Can anyone recommend any? Willing to travel up to around 100 miles from Aberdeen if I can't find one locally
TIA


----------



## Kerr (Mar 27, 2012)

I don't know anyone up here but Transcal are in Livingston.

http://www.transcal.co.uk/

I've seen some nice work of they have done. I don't think they are cheap though.


----------



## macmaw (Mar 5, 2007)

Thanks for that, always an option


----------



## JenJen (Jun 30, 2010)

Don't think we have one local but give motorwerks a call as they deal with a lot of custom refurbs etc. They might be able to point you in the right direction.


----------



## macmaw (Mar 5, 2007)

Thanks but I'd rather not deal with them again (long story).

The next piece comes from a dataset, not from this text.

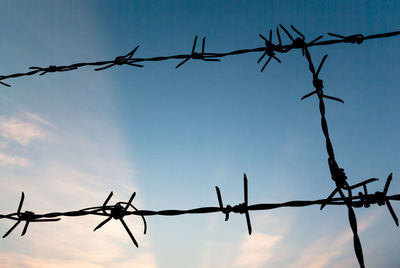 Low angle view of barbed wire fence against cloudy sky during sunset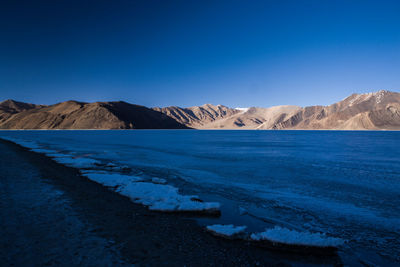 Scenic view of mountain against blue sky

I've heard of a guy named Sangster, also heard of one out in Banchory (Sim Upholstery I think) and heard that he is maybe semi retired but will try him anyway
Ging to be retrofitting heater pads to my seats and don't really fancy trying to put them back together again!


----------



## JenJen (Jun 30, 2010)

Ah yeah the guy in Banchory yeah he is good! Heard good things about him.


----------



## macmaw (Mar 5, 2007)

Good stuff, glad to hear that, I will give him a call for sure


----------



## Coullio (Nov 4, 2007)

macmaw said:


> Good stuff, glad to hear that, I will give him a call for sure


Do you have Gordons number?? If not PM me and I will PM you it.

He recovered my pillion seat on my bike and did a superb job.


----------